Thermal buckling of a heat-exposed, axially restrained composite column

doi:10.1016/j.compositesa.2005.04.006

Composites Part A: Applied Science and Manufacturing

Volume 37, Issue 7, July 2006, Pages 972-980

https://doi.org/10.1016/j.compositesa.2005.04.006 Get rights and content

Abstract

The response of composite columns under axial compressive loading, and in which a non-uniform temperature distribution through the thickness exists, is investigated. This non-uniform temperature distribution can develop when one side of the structures is exposed to heat flux. In this paper, we assume that this distribution is linear, which corresponds to a steady state temperature profile due to heat conduction. The degradation of the elastic properties with temperature (especially near the glass transition temperature of the matrix) is accounted for, by using experimental data for the elastic moduli. Furthermore, the formulation includes transverse shear and it is done first for the general non-linear case and subsequently linearized. Due to the non-uniform stiffness and the effect of the ensuing thermal moment, the structure behaves like an imperfect column, and responds by bending rather than buckling in the classical Euler (bifurcation) sense. Another important effect of the non-uniform temperature is that the neutral axis moves away from the centroid of the cross-section, resulting in another moment due to eccentric loading, which would tend to bend the structure away from the heat source. Simple equations for the response of the column are derived and results are presented for the variation of the deflection with the heat flux, as well as for the combined effects of the applied load and heat flux. It is found that the thermal moment would tend to bend the structure away from the heat source for small temperatures (small heat fluxes) but towards the heat source for large temperatures. On the contrary, the moment induced due to the eccentric loading would always tend to bend the structure away from the heat source. Results indicate the combined influences of these moments and that of axial constraint.

Introduction

Fiber-reinforced polymeric composites are used extensively in aerospace, marine, infrastructure and chemical processing applications. In these applications, events creating a heat flux (e.g. due to fire), and their resulting effects on the structural integrity, are of considerable concern. In addition to the implications for design, quantitative information regarding the nature of the strength loss is required to make decisions regarding, for example, the seaworthiness of a ship that has sustained fire damage.

Many of the thermal properties of composites related to fire have been thoroughly studied and are well understood, including ignition times, heat release rates, smoke production rates and gas emissions [1], [2], [3], [4], [5], [6], [7]. Also, some recent work into the post-fire residual properties has been conducted, for example, a preliminary investigation into the effect of fire damage on the edgewise compression properties and failure mechanisms of sandwich composites [7] showed large reductions to the edgewise compression properties of phenolic-based sandwich composites despite having good flame resistance. However, one important gap in the understanding of composites is their response and structural integrity due to the combined effect of mechanical loading and thermal loading due to fire. This paper addresses this issue as far as compressive loading, which in an otherwise purely mechanical loading (no fire) would lead to bifurcational (Euler) buckling.

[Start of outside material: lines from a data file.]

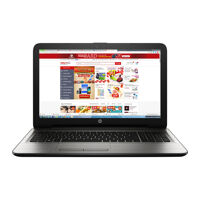 Laptop HP 15-ay080TU X3B66PA - Intel Core i5-6200U, RAM 4GB, HDD 500GB, Intel HD Graphics 520, 15.6 inches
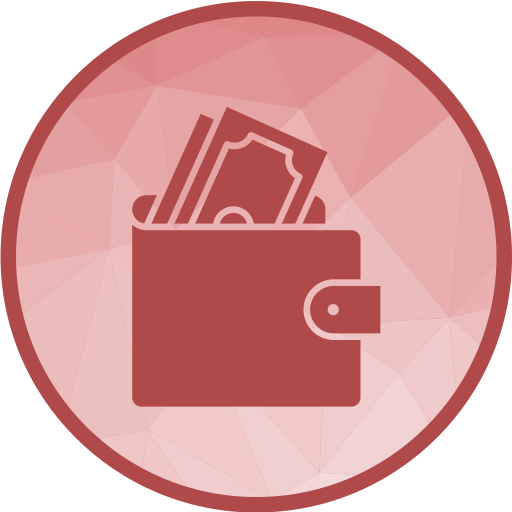 billetera icono gratis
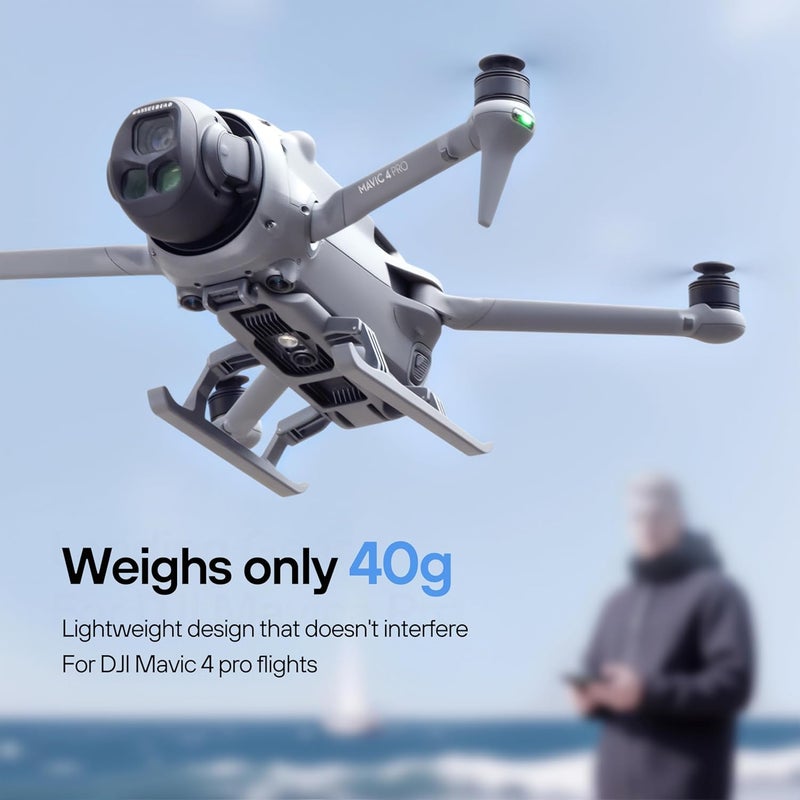 STARTRC جهاز هبوط لملحقات DJI Mavic 4 Pro، واقي طائرة قابل للطي مع إطلاق سريع ل DJI Mavic 4 Pro Fly More Combo - Image 2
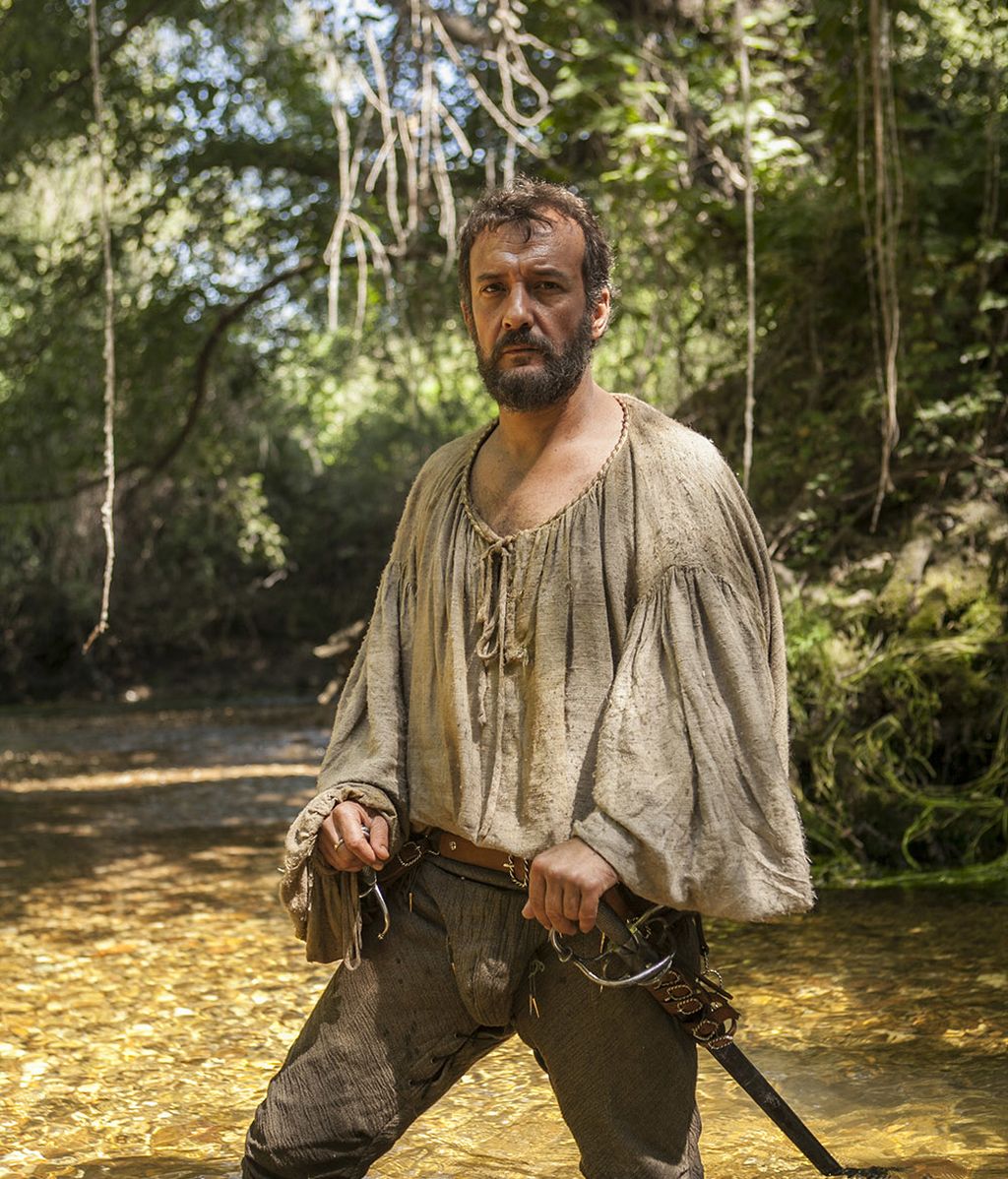 José Luis García Pérez es Hernán Cortés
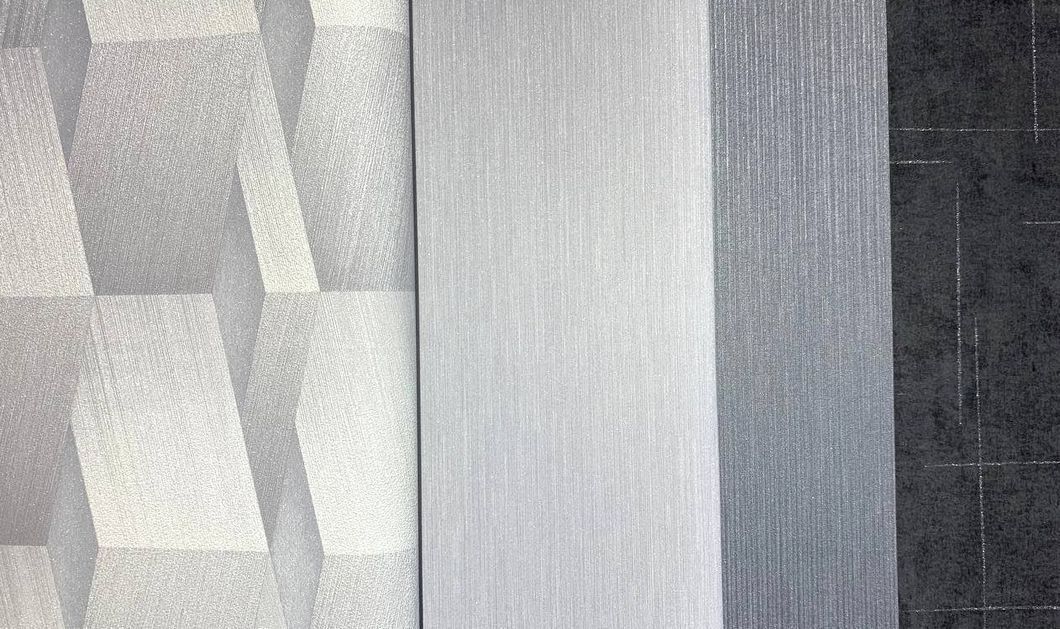 Обои виниловые на флизелиновой основе Erismann Fashion for Walls 2 серый 1,06 х 10,05м (12035-10)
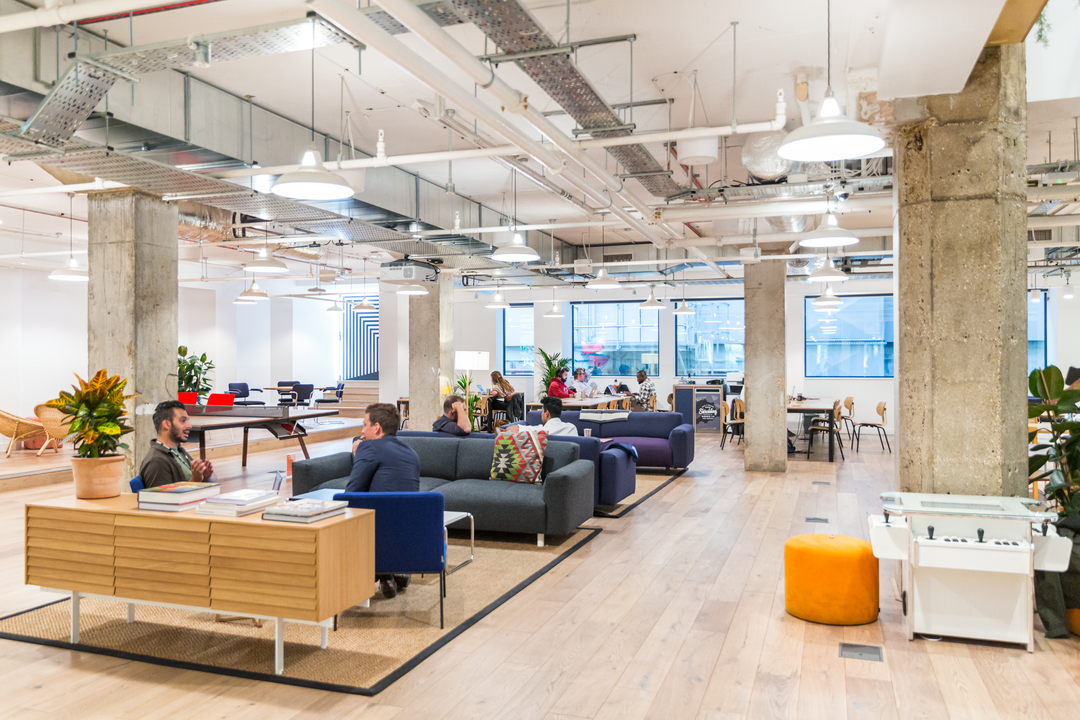 WeWork The Monument London 020 3695 7895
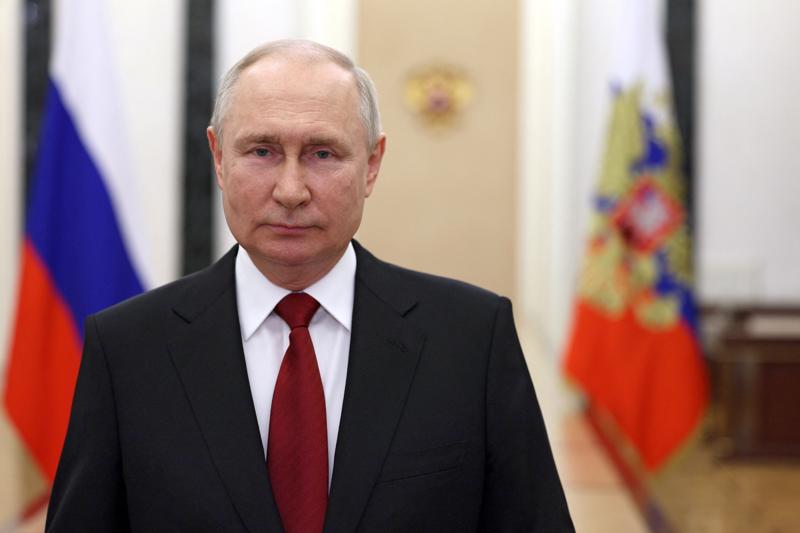 Tổng thống Nga Vladimir Putin - Ảnh: Reuters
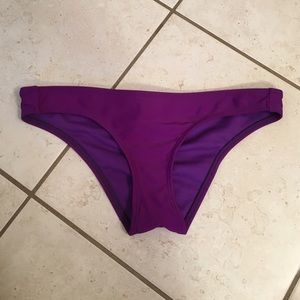 Ruched Cheeky Swim Bottoms
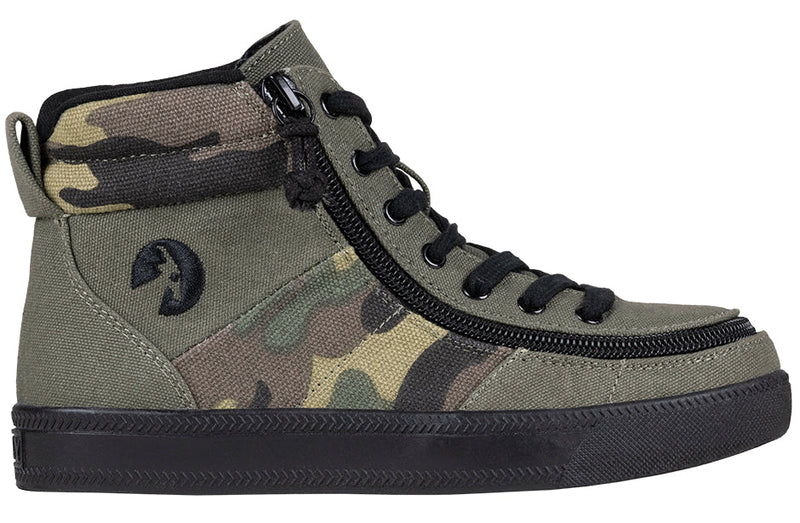 Toddler Olive Camo BILLY Street High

One important characteristic of fiber-reinforced polymeric composites is that increases in temperature cause a gradual softening of the polymer matrix material with a significant effect near the glass transition temperature, T_g. Recent experiments on E-glass vinyl ester composites, conducted by Kulkarni and Gibson [8] can be used as a basis for including the resulting non-uniform stiffness distribution.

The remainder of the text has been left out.